F&N, the 130-year-old real estate and beverage conglomerate, said it will appoint advisers to study options available for the company to “unlock shareholder value,” according to a statement dated yesterday to the Singapore stock exchange. “This may involve a segregation of its property-related businesses from its non-property related businesses,” Singapore-based F&N said.
The announcement follows the appointment of Thailand’s richest billionaire Charoen Sirivadhanabhakdi as company chairman in February, following his S$13.8 billion ($10.9 billion) takeover of F&N, whose businesses range from milk to shopping malls. It also comes amid new rules directing how financial institutions grant property loans to individuals as Singapore’s government extends efforts to curb speculation.

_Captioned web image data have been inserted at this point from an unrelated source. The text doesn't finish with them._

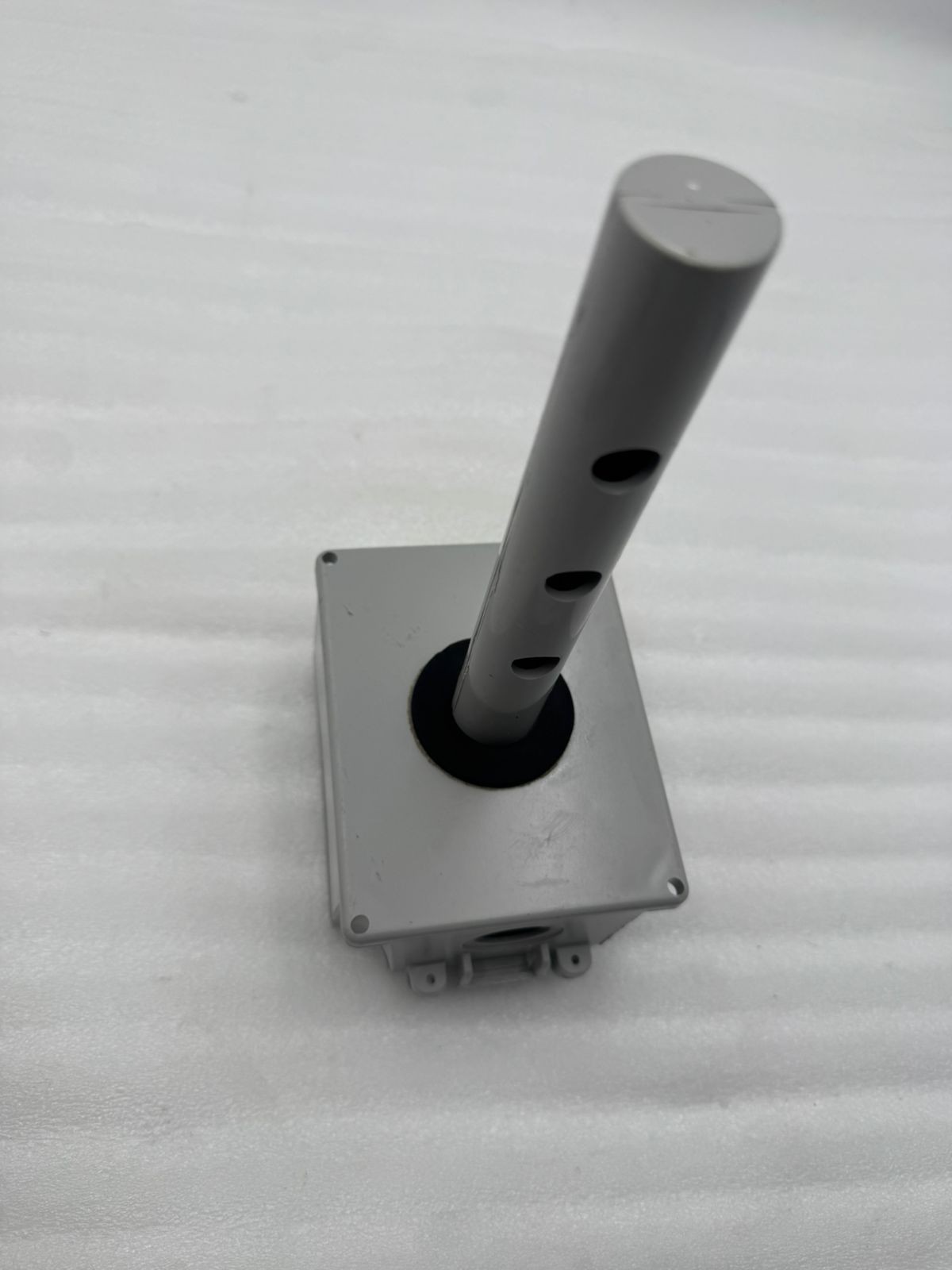 GREYSTONE CDD4A200 CARBON DIOXIDE DUCT SENSOR, CONCEALED LCD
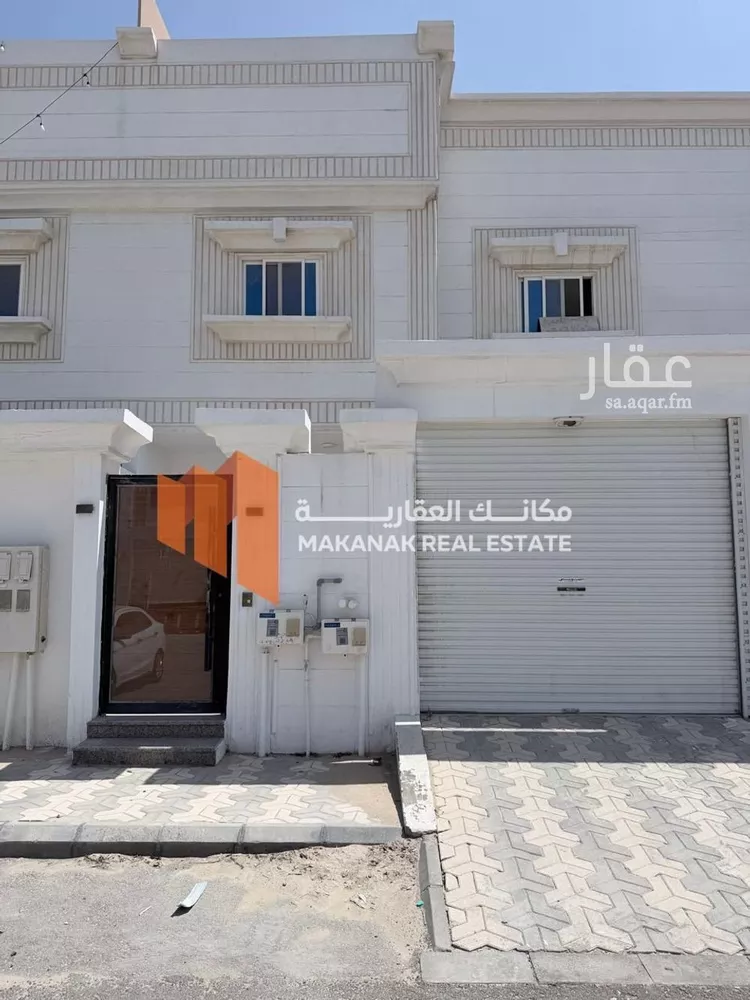 Villa for Sale in Dammam King Fahd
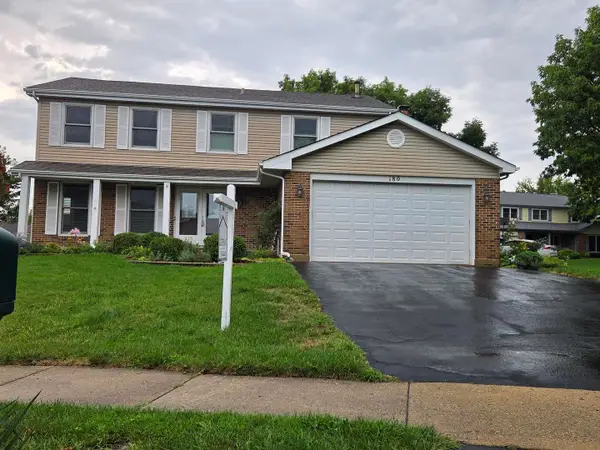 180 Farmgate Drive, Schaumburg, IL 60193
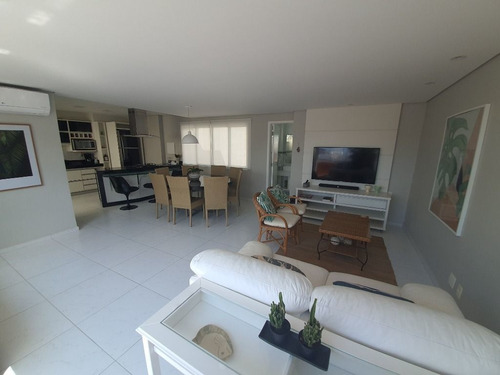 Imagem 7 de 30 de Cobertura Com 4 Dormitórios À Venda, 250 M² - Riviera São Lourenço - Bertioga/sp - Co0402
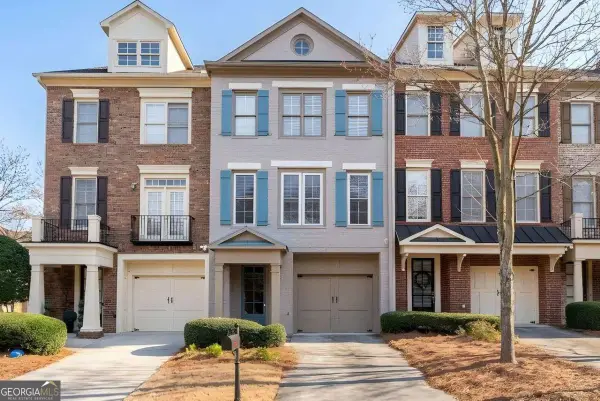 6442 Queens Court Trace #10, Mableton, GA 30126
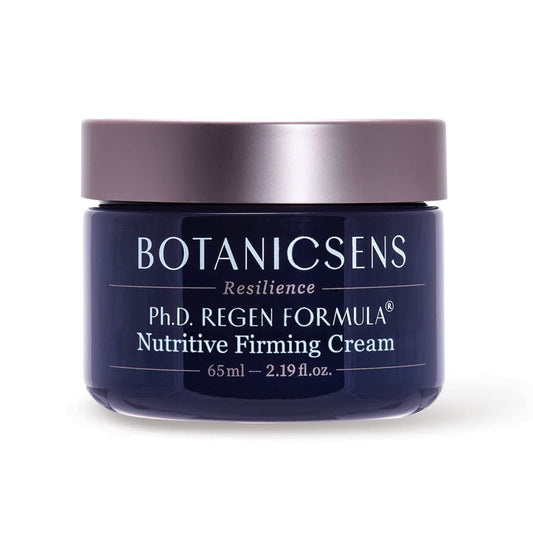 Ph.D. REGEN FORMULA Nutritive Firming Cream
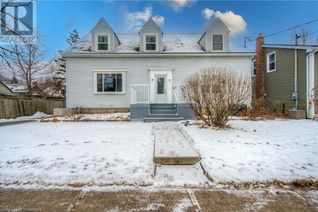 House for Sale, 55 Wellington Street S, Hamilton, ON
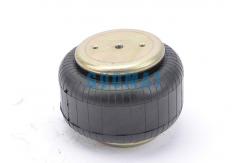 China W013587598 GUOMAT Industrial Air Spring Maximum Stroke 4.2 Inches / 120mm supplier
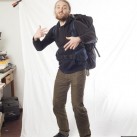 Fotoshooting »Serendipity« bei Tim Stieffenhofer (23.12.2014)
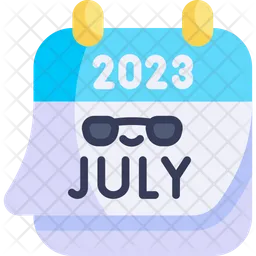 Calendar  Icon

Charoen’s appointment became effective from Feb. 28 after he won control of F&N in January, when his offer of S$9.55 a share gained support from a majority of shareholders and edged out a proposal from rival Overseas Union Enterprise Ltd. (OUE) F&N’s stock price has fallen 12 percent this year to close at S$8.58 yesterday.
In a separate exchange filing also dated yesterday, F&N said its proposal to distribute S$4.7 billion of capital to shareholders, amounting to S$3.28 per share, was approved.
Charoen, who ranks 95th in Bloomberg’s Billionaires Index with an estimated net worth of $10.6 billion, gained access to F&N’s property assets after the deal. The company’s development and commercial property businesses were the biggest contributors to net income in the three months ended March 31, according to data compiled by Bloomberg.
Starting today, a new framework requires that lenders in Singapore take a borrower’s debt into consideration when granting property loans, the nation’s monetary authority said in a statement yesterday.
In January, the government unveiled a seventh round of measures to curb real-estate speculation in about four years that included an increase in stamp duties for home buyers by 5 percentage points to 7 percentage points. OUE said in a Jan. 21 statement it wouldn’t match Charoen’s offer for F&N, citing the property measures.